Dataset extract:
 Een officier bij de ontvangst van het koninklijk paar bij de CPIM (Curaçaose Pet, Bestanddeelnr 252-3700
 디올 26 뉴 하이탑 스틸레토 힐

...

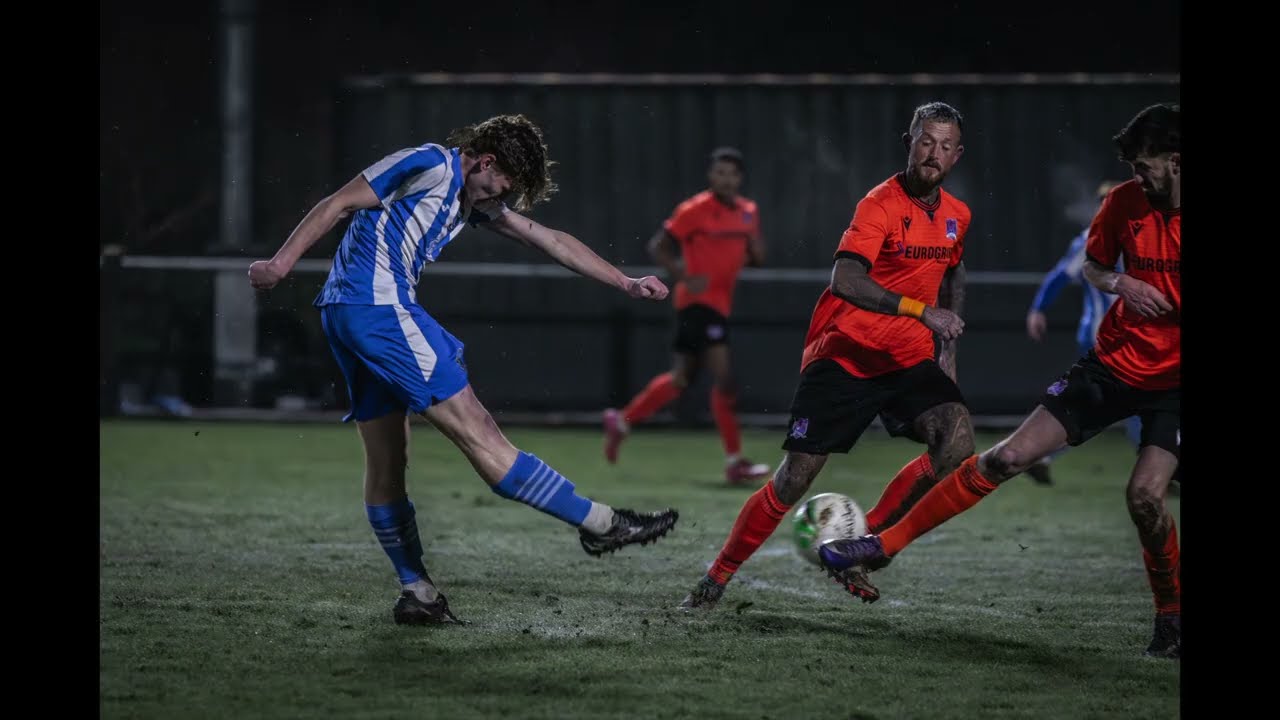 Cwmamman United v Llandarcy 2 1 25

* * *

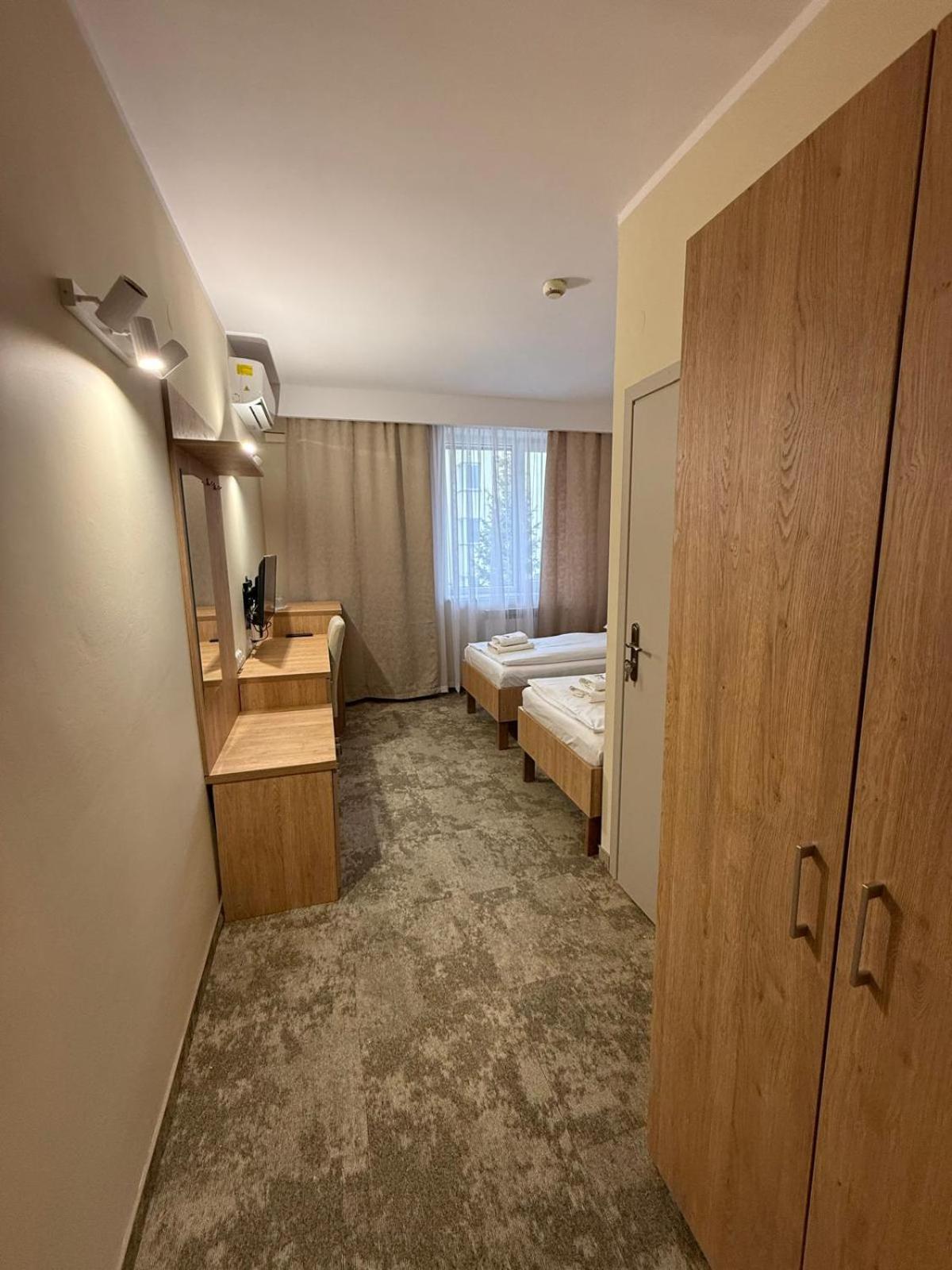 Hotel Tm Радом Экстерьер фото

The task: Look back at the entries above and repeat, unchanged, every line from the line holding "Een officier bij" through the line holding "디올 26 뉴 하이탑 스틸레토 힐".

Answer to this exercise:
 Een officier bij de ontvangst van het koninklijk paar bij de CPIM (Curaçaose Pet, Bestanddeelnr 252-3700
 디올 26 뉴 하이탑 스틸레토 힐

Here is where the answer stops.